Joseph Gordon-Levitt stars in this series about the rise and fall of former Uber CEO Travis Kalanick

Liam Mathews

The Social Network, director David Fincher's epochal 2010 movie about the founding of Facebook, begins and ends with Mark Zuckerberg (Jesse Eisenberg) confronting the fact that he might be an asshole. With all these years of hindsight and over a decade of even worse acts of malfeasance and negligence from the company now known as Meta, the movie's judgment of Zuck is pretty quaint; if you look at the list of controversial things his company has done, "asshole" is a pretty mild epithet for him. 

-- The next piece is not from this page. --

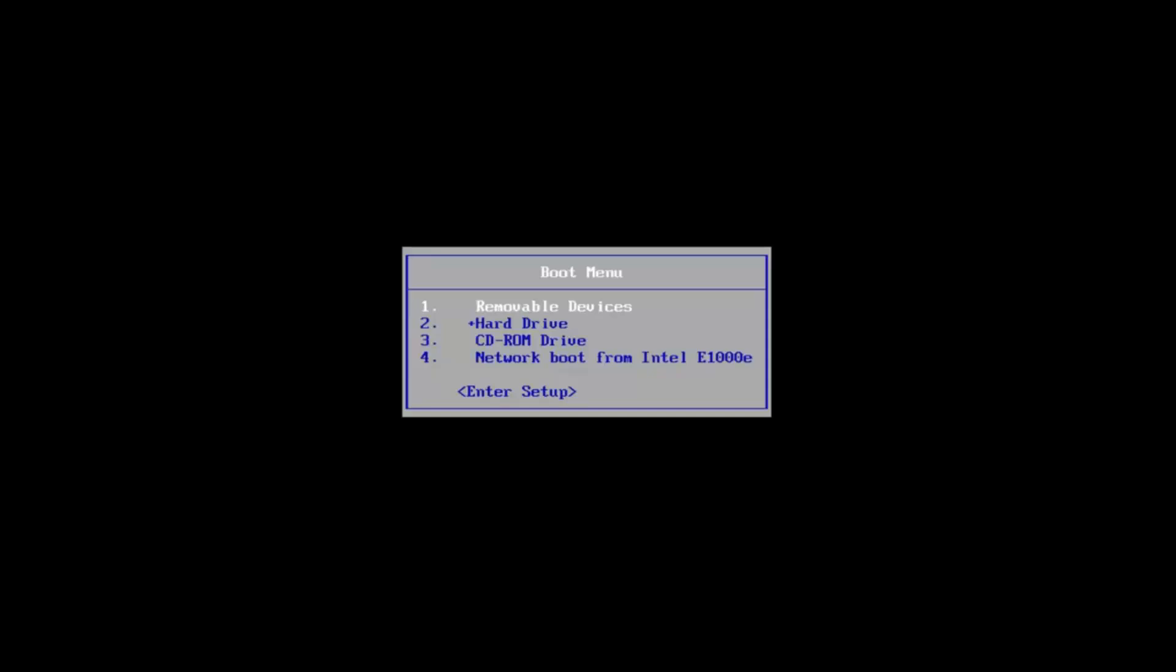I'm going to go down using the arrow keys on my keyboard and select the option that says CD-ROM drive. I'm going to hit Enter to confirm that selection, then press any key to boot from the CD or DVD. In most cases, it will be a DVD. Just be patient.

The new Social Network-esque series Super Pumped: The Battle for Uber benefits from the Big Tech backlash over the past several years. There's no question about whether or not Uber co-founder and now-former CEO Travis Kalanick, played with hucksterish gusto by Joseph Gordon-Levitt, is an asshole. He announces it in the show's very first line. "So you want to work for Uber," he says to a job interviewee. "I have one question for you: Are you an asshole?" Kalanick, you see, is a proud asshole. He wants to destroy anyone and anything that stands in the way of his rideshare company becoming a tech industry behemoth like Apple or Google: competitors, government regulators, journalists, female employees who complain about being harassed at work, the concept of privacy, basic human decency. And he encourages the same kind of asshole-ishness in the people who work for him. Super Pumped is a story about how being an asshole can make a person successful but will lead to their destruction. 

The anthology series is based on a 2019 book by New York Times reporter Mike Isaac*, which charts the ascent of Uber from its origins as a scrappy black cab-hailing startup doing battle with San Francisco's taxi industry and municipal government to an established global company worth billions of dollars, plagued by self-created scandals every step of the way. The show is written by Billions creators Brian Koppelman and David Levien, along with Billions executive producer Beth Schacter. While Billions draws inspiration from real finance industry and political figures to tell an entirely fictitious story, Super Pumped finds Koppelman and Levien dramatizing a true story in a way that's even more stylized than their other show. 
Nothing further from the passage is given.